Official Python SDK for Olyptik API
Project description
Olyptik Python SDK
The Olyptik Python SDK provides a simple and intuitive interface for web crawling and content extraction. It supports both synchronous and asynchronous programming patterns with full type hints.
Installation
Install the SDK using pip:
pip install olyptik
Configuration
First, you'll need to initialize the SDK with your API key - you can get it from the settings page. You can either pass it directly or use environment variables.

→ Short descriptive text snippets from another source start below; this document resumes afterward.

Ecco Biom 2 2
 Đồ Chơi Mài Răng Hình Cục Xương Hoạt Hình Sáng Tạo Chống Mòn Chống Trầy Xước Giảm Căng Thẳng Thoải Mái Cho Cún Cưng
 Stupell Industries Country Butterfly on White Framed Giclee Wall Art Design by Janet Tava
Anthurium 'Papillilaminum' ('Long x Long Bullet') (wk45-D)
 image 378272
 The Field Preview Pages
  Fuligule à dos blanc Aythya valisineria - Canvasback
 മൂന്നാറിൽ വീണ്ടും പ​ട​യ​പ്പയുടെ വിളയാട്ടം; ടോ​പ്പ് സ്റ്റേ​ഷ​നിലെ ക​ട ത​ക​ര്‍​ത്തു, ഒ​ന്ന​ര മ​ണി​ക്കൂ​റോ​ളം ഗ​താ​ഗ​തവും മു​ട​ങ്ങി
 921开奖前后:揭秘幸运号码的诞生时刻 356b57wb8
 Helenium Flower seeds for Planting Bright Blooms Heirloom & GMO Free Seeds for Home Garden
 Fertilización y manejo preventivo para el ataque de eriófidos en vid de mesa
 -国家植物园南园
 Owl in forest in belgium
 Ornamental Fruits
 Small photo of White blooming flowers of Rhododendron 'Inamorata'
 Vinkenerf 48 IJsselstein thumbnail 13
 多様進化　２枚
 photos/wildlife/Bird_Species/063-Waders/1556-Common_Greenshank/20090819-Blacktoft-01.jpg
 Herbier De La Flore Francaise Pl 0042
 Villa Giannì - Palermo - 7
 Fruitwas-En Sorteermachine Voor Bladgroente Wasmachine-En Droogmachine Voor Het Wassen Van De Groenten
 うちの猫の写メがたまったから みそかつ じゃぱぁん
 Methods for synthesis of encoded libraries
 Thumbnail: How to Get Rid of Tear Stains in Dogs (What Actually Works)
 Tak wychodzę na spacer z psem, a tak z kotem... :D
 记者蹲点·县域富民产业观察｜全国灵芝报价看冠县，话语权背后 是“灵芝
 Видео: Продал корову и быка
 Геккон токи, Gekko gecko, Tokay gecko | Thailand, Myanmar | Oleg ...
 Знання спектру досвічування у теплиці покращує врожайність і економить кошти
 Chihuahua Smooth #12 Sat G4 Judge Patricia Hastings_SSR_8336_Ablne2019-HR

from olyptik import Olyptik
# Initialize with API key
client = Olyptik(api_key="your_api_key_here")
Synchronous Usage
Start a crawl
Minimal settings crawl:
crawl = client.run_crawl({
"startUrl": "https://example.com",
"maxResults": 50
})
print(f"Crawl started with ID: {crawl.id}")
print(f"Status: {crawl.status}")
Full example:
# Start a crawl
crawl = client.run_crawl({
"startUrl": "https://example.com",
"maxResults": 50,
"maxDepth": 2,
"engineType": "auto",
"includeLinks": True,
"timeout": 60,
"useSitemap": False,
"entireWebsite": False,
"excludeNonMainTags": True,
"useStaticIps": False
})
print(f"Crawl started with ID: {crawl.id}")
print(f"Status: {crawl.status}")
Query crawls
from olyptik import CrawlStatus
result = client.query_crawls({
"startUrls": ["https://example.com"],
"status": [CrawlStatus.SUCCEEDED],
"page": 0,
})
print("Crawls: ", result.results)
print("Page: ", result.page)
print("Total pages: ", result.totalPages)
print("Count of items per page: ", result.limit)
print("Total matched crawls: ", result.totalResults)
Getting Crawl Results
Retrieve the results of your crawl using the crawl ID. The results are paginated, and you can specify the page number and limit per page.
limit = 50
page = 0
results = client.get_crawl_results(crawl.id, page, limit)
for result in results.results:
print(f"URL: {result.url}")
print(f"Title: {result.title}")
print(f"Depth: {result.depthOfUrl}")
Abort a crawl
aborted_crawl = client.abort_crawl(crawl.id)
print(f"Crawl aborted with ID: {aborted_crawl.id}")
Asynchronous Usage
For better performance with I/O operations, use the async client:
Start a crawl
Minimal settings crawl:
import asyncio
from olyptik import AsyncOlyptik
async def main():
async with AsyncOlyptik(api_key="your_api_key_here") as client:
crawl = await client.run_crawl({
"startUrl": "https://example.com",
"maxResults": 50
})
print(f"Crawl started with ID: {crawl.id}")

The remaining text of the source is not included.